Department of Insurance Gets Nothing from Allstate

Moniker  Allstate and other insurers are notorious for not complying with discovery seeking internal corporate documents which would expose corporate culture in bad faith cases.  From the news yesterday and today, it appears the Florida Department of Financial Services has learned the same lesson most policyholder attorneys have known for quite some time.
This controversy results from the 2007 laws granting insurers access to state sponsored reinsurance. The Legislature expected lower premiums in return, and this has not occurred.  Charlie Crist has been publicly critical as to why Florida was duped into this deal.The subpoenas issued to State Farm and Allstate were supposed to provide transparency on this.  Neither insurer has been quick to provide the internal documents.

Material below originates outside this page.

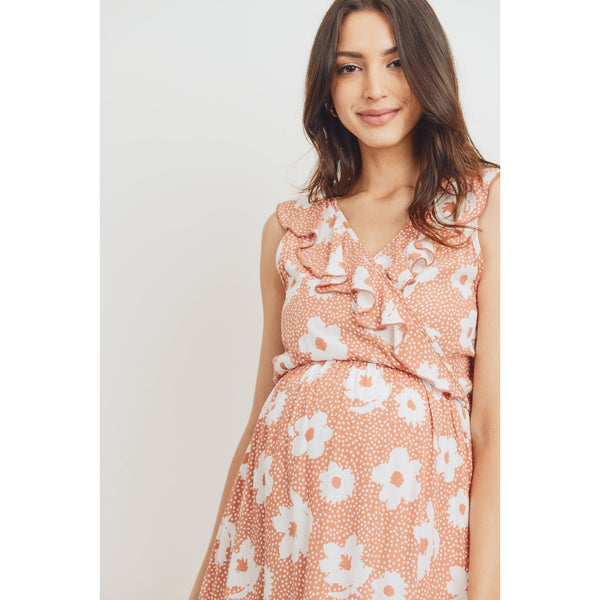 Ruffled Hi Low Floral Maternity Dress - Rust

Our firm tried to obtain a copy of the subpoenas, but the Department would provide only the notice and refused to provide the list of requested documents.  To see the Allstate subpoena, click here.
 
 
State Farm's challenge to the Mississippi Attorney General may have emboldened Allstate.  They simply may be flexing their financial muscle. Allstate has an army of attorneys and lobbyists.  It has more money than most can imagine, and it certainly will not be eager to comply with requests that could lead to embarrassing revelations regarding how it operates to maximize profit.  So while this controversy is making front page headlines throughout Florida, Allstate's willingness to accept sanctions rather than to comply with Court requirements to disclose documents and comply with the rule of law seems to be business as usual.  See, Order Relative To Plaintiff's Motion for Sanctions, dated Sept. 17, 2004, Scroghan v. Wade and Allstate Ins. Co., (Bartholemew Cir. Ct., IN, 03C01-9909-CT-1317).

Are the top secret McKinsey Documents really that important?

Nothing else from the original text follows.